Haben Herr Meuthen, Herr Reil oder auch Frau Weidel auf Ihren Appell bereits reagiert?
Nein, noch nicht. Übrigens ist bei den von Ihnen angesprochenen Fällen noch nichts entschieden. Es werden Rechtsmittel eingelegt und soweit ich informiert bin, stehen die Chancen gut, dass es am Ende keine Strafe gibt. Es geht uns in der Resolution nicht um einzelne Fälle, sondern wir wollen dafür sensibilisieren, dass sich jeder schon im Vorfeld überlegt, was er tut. Die Schäden die wir als Partei davon tragen können, sind einfach gewaltig. Es hat auch negative Auswirkungen auf die ordentlichen Spender und die Mitglieder, die ihre Beiträge zahlen. Die wollen mit ihrem Geld etwas im Land bewegen und erwarten zu Recht, dass das Geld in vollem Umfang in die politische Arbeit investiert wird.

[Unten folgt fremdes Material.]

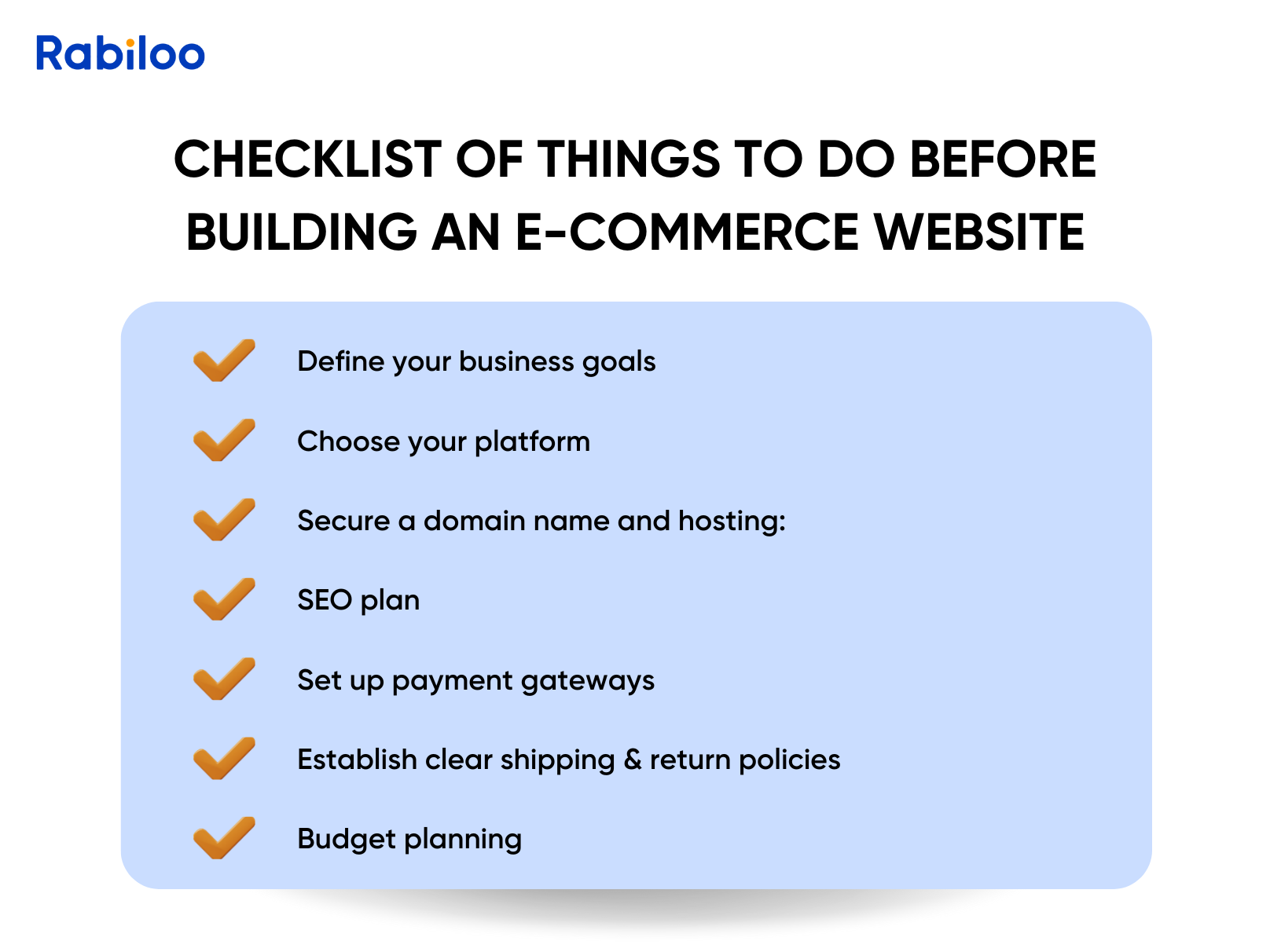 Checklist of things to do before building an E-commerce website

Mit Ihnen haben unter anderem 14 Bundestagsabgeordnete und 10 Landtagsabgeordnete aus Bayern die Resolution erstunterzeichnet. Werden Herr Meuthen und Herr Reil nachfolgen?
Ich würde mich sehr freuen, wenn Herr Meuthen und Herr Reil das Papier mitzeichnen würden. Damit würden sie sagen: Das sind unsere Grundwerte, zu denen bekennen wir uns. Das ist für uns selbstverständlich. Aus den anderen Bundesländern kamen jedenfalls bislang deutlich mehr positive als negative Rückmeldungen.